_EXERCISE_
Although the records contain pictures, none belong in the copy: restate word for word only the lines from the one with "SILVER PALM RESIDENTIAL" through the one with "Orologio antico a pendolo", both included.

_RECORDS SUPPLIED_
╭──

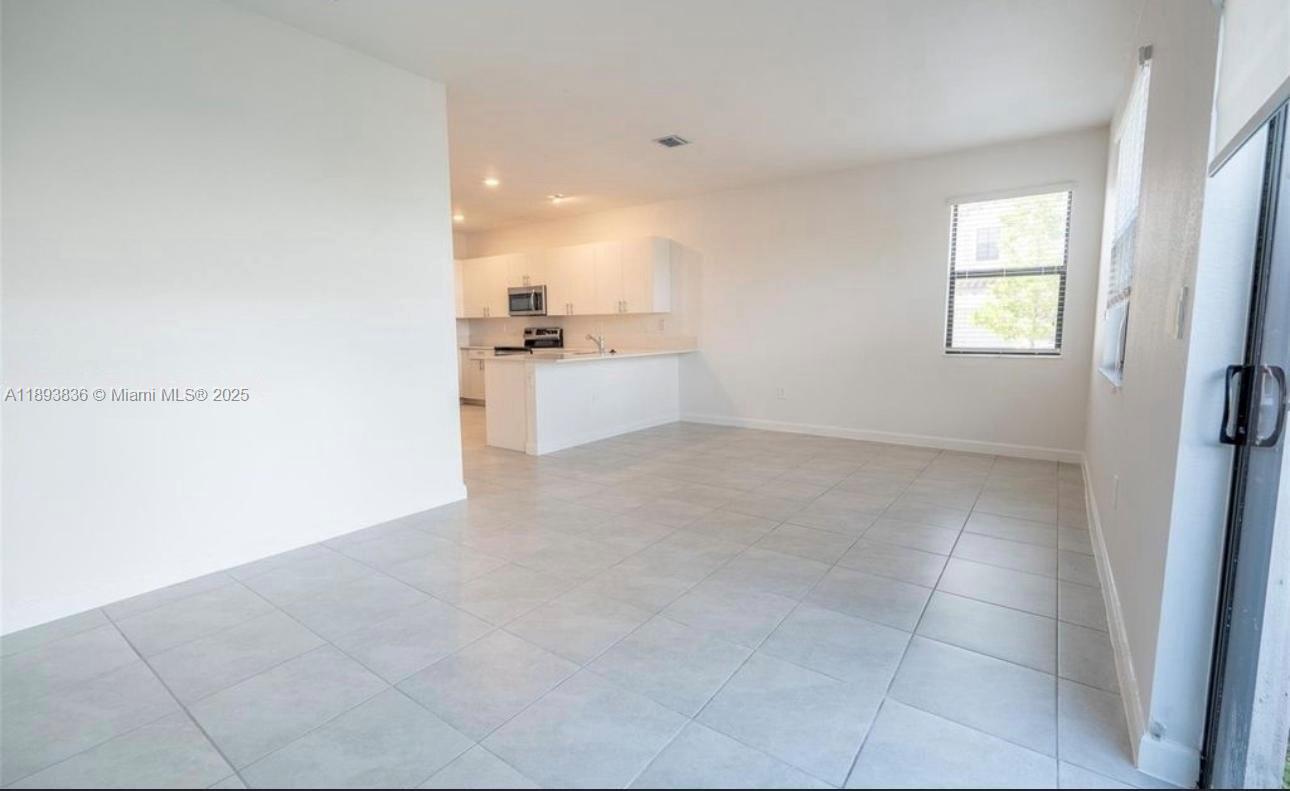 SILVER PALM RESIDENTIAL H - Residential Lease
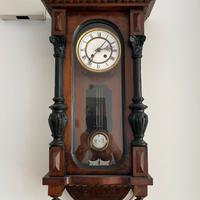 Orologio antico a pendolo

╰──
╭──

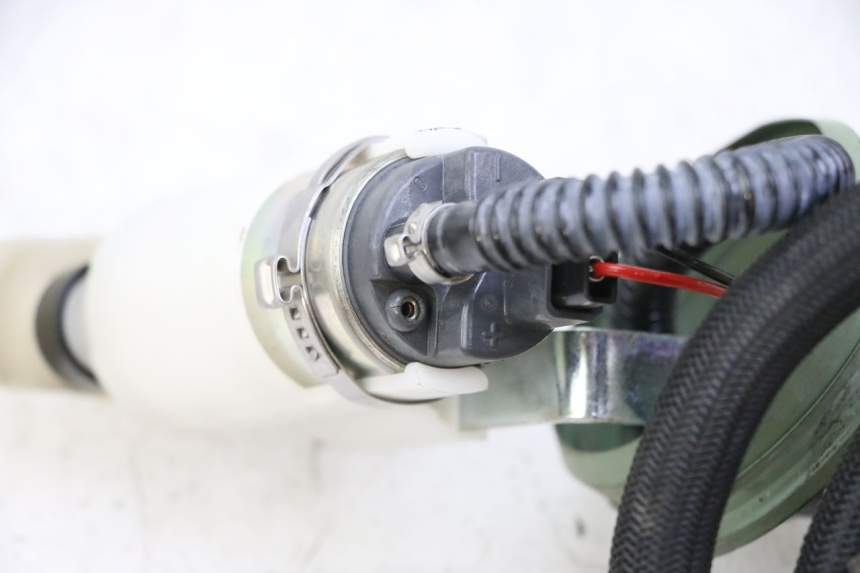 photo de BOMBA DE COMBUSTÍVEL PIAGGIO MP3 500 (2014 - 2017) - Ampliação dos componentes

╰──
╭──

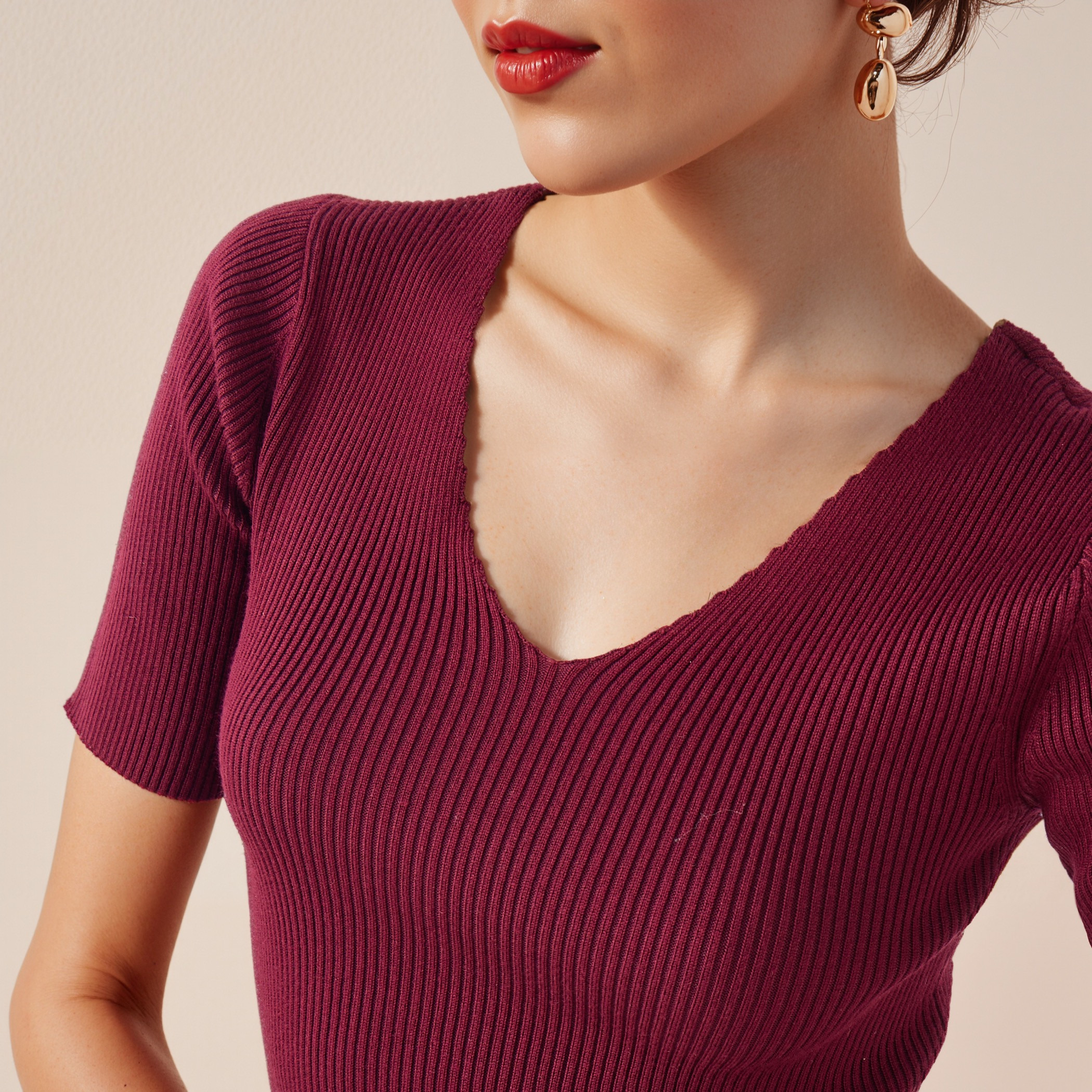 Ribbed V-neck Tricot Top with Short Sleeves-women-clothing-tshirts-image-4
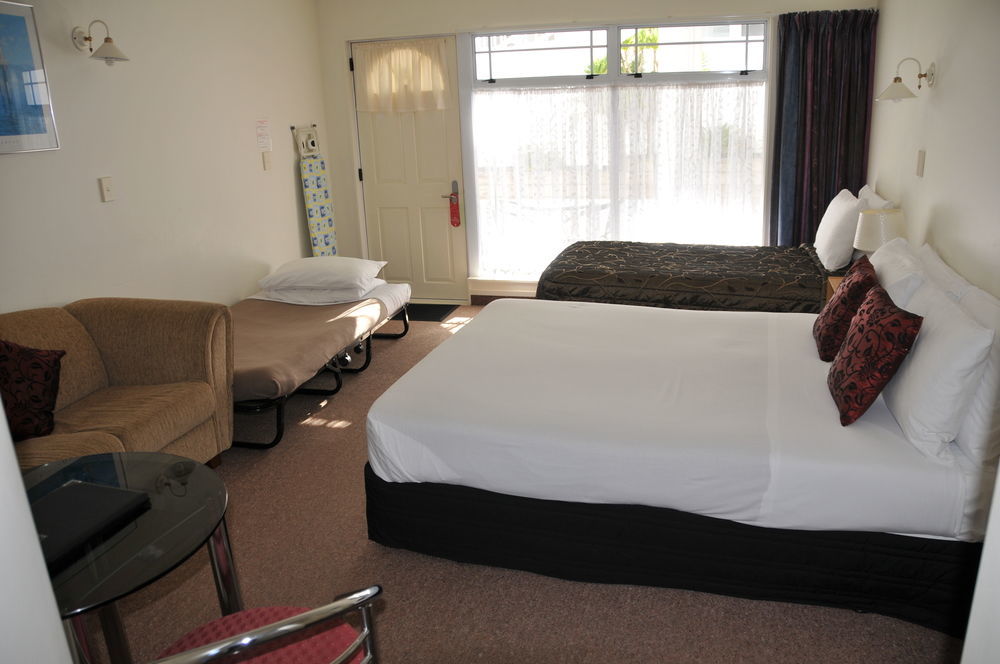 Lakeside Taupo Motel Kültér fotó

╰──

_FINISHED TASK_
 SILVER PALM RESIDENTIAL H - Residential Lease
 Orologio antico a pendolo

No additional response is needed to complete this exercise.